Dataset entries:
···
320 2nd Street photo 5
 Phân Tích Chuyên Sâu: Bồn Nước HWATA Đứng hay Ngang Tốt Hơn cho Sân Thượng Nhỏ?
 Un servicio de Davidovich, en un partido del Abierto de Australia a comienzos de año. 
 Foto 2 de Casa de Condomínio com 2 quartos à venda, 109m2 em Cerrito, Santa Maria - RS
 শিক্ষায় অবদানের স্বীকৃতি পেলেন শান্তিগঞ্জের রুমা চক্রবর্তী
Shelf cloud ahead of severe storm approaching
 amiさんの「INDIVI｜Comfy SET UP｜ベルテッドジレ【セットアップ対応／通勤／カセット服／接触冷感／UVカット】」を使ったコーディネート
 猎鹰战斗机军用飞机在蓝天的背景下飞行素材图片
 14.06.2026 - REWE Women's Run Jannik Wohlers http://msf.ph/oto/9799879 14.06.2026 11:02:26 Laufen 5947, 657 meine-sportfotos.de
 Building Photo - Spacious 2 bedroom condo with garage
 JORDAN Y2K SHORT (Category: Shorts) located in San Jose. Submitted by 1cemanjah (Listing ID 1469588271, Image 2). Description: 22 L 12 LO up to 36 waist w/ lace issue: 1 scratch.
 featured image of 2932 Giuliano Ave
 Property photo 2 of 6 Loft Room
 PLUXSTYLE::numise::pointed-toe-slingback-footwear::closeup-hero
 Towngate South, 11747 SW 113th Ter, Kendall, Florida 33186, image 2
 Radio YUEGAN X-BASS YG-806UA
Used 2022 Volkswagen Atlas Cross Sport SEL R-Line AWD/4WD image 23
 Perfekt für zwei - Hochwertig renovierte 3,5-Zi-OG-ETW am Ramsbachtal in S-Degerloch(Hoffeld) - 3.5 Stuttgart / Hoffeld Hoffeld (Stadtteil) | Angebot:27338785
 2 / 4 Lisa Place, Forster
···
● WHAT THE TASK ASKS:
Only the lines from the beginning of the entries through the line bearing "猎鹰战斗机军用飞机在蓝天的背景下飞行素材图片" should be returned, each exactly as written.

● EXERCISE ANSWER:
320 2nd Street photo 5
 Phân Tích Chuyên Sâu: Bồn Nước HWATA Đứng hay Ngang Tốt Hơn cho Sân Thượng Nhỏ?
 Un servicio de Davidovich, en un partido del Abierto de Australia a comienzos de año. 
 Foto 2 de Casa de Condomínio com 2 quartos à venda, 109m2 em Cerrito, Santa Maria - RS
 শিক্ষায় অবদানের স্বীকৃতি পেলেন শান্তিগঞ্জের রুমা চক্রবর্তী
Shelf cloud ahead of severe storm approaching
 amiさんの「INDIVI｜Comfy SET UP｜ベルテッドジレ【セットアップ対応／通勤／カセット服／接触冷感／UVカット】」を使ったコーディネート
 猎鹰战斗机军用飞机在蓝天的背景下飞行素材图片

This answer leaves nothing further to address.